## [Task item]
Each line below is to be set down again exactly.
----------
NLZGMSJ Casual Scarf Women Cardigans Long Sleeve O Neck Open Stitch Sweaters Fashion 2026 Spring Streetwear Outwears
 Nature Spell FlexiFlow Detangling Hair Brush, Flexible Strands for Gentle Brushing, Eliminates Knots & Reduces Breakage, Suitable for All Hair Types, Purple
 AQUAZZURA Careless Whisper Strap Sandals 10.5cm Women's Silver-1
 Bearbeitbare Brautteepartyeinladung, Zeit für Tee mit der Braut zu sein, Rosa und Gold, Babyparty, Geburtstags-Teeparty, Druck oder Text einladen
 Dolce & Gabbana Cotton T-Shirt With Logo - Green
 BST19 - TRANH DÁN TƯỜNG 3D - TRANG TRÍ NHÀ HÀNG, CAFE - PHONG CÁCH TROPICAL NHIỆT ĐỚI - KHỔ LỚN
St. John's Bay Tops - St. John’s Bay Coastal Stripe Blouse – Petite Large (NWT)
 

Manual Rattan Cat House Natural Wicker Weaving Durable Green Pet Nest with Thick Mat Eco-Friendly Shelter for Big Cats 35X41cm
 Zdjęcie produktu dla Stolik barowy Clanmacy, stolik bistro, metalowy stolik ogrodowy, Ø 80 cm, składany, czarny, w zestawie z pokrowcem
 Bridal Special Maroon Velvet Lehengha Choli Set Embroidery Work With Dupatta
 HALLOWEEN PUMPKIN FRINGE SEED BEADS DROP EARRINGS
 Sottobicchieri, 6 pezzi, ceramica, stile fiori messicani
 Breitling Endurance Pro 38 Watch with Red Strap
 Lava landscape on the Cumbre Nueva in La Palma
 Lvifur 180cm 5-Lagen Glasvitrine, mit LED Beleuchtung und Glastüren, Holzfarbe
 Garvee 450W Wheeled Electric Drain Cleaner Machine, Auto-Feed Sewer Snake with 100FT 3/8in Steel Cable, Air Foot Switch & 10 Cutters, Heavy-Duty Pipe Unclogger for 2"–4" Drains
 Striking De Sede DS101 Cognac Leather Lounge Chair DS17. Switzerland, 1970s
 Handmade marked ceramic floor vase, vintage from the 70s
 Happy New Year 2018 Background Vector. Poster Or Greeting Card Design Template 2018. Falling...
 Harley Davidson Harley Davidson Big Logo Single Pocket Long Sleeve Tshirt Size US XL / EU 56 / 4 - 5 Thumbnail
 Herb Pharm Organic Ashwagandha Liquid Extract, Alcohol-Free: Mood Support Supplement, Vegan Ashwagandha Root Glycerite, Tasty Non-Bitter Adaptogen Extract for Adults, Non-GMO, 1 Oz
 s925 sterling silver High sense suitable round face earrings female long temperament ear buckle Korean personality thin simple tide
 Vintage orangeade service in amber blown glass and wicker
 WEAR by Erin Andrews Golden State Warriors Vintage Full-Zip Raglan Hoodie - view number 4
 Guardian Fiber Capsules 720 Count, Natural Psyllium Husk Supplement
----------
## [Exercise output]
NLZGMSJ Casual Scarf Women Cardigans Long Sleeve O Neck Open Stitch Sweaters Fashion 2026 Spring Streetwear Outwears
 Nature Spell FlexiFlow Detangling Hair Brush, Flexible Strands for Gentle Brushing, Eliminates Knots & Reduces Breakage, Suitable for All Hair Types, Purple
 AQUAZZURA Careless Whisper Strap Sandals 10.5cm Women's Silver-1
 Bearbeitbare Brautteepartyeinladung, Zeit für Tee mit der Braut zu sein, Rosa und Gold, Babyparty, Geburtstags-Teeparty, Druck oder Text einladen
 Dolce & Gabbana Cotton T-Shirt With Logo - Green
 BST19 - TRANH DÁN TƯỜNG 3D - TRANG TRÍ NHÀ HÀNG, CAFE - PHONG CÁCH TROPICAL NHIỆT ĐỚI - KHỔ LỚN
St. John's Bay Tops - St. John’s Bay Coastal Stripe Blouse – Petite Large (NWT)
 

Manual Rattan Cat House Natural Wicker Weaving Durable Green Pet Nest with Thick Mat Eco-Friendly Shelter for Big Cats 35X41cm
 Zdjęcie produktu dla Stolik barowy Clanmacy, stolik bistro, metalowy stolik ogrodowy, Ø 80 cm, składany, czarny, w zestawie z pokrowcem
 Bridal Special Maroon Velvet Lehengha Choli Set Embroidery Work With Dupatta
 HALLOWEEN PUMPKIN FRINGE SEED BEADS DROP EARRINGS
 Sottobicchieri, 6 pezzi, ceramica, stile fiori messicani
 Breitling Endurance Pro 38 Watch with Red Strap
 Lava landscape on the Cumbre Nueva in La Palma
 Lvifur 180cm 5-Lagen Glasvitrine, mit LED Beleuchtung und Glastüren, Holzfarbe
 Garvee 450W Wheeled Electric Drain Cleaner Machine, Auto-Feed Sewer Snake with 100FT 3/8in Steel Cable, Air Foot Switch & 10 Cutters, Heavy-Duty Pipe Unclogger for 2"–4" Drains
 Striking De Sede DS101 Cognac Leather Lounge Chair DS17. Switzerland, 1970s
 Handmade marked ceramic floor vase, vintage from the 70s
 Happy New Year 2018 Background Vector. Poster Or Greeting Card Design Template 2018. Falling...
 Harley Davidson Harley Davidson Big Logo Single Pocket Long Sleeve Tshirt Size US XL / EU 56 / 4 - 5 Thumbnail
 Herb Pharm Organic Ashwagandha Liquid Extract, Alcohol-Free: Mood Support Supplement, Vegan Ashwagandha Root Glycerite, Tasty Non-Bitter Adaptogen Extract for Adults, Non-GMO, 1 Oz
 s925 sterling silver High sense suitable round face earrings female long temperament ear buckle Korean personality thin simple tide
 Vintage orangeade service in amber blown glass and wicker
 WEAR by Erin Andrews Golden State Warriors Vintage Full-Zip Raglan Hoodie - view number 4
 Guardian Fiber Capsules 720 Count, Natural Psyllium Husk Supplement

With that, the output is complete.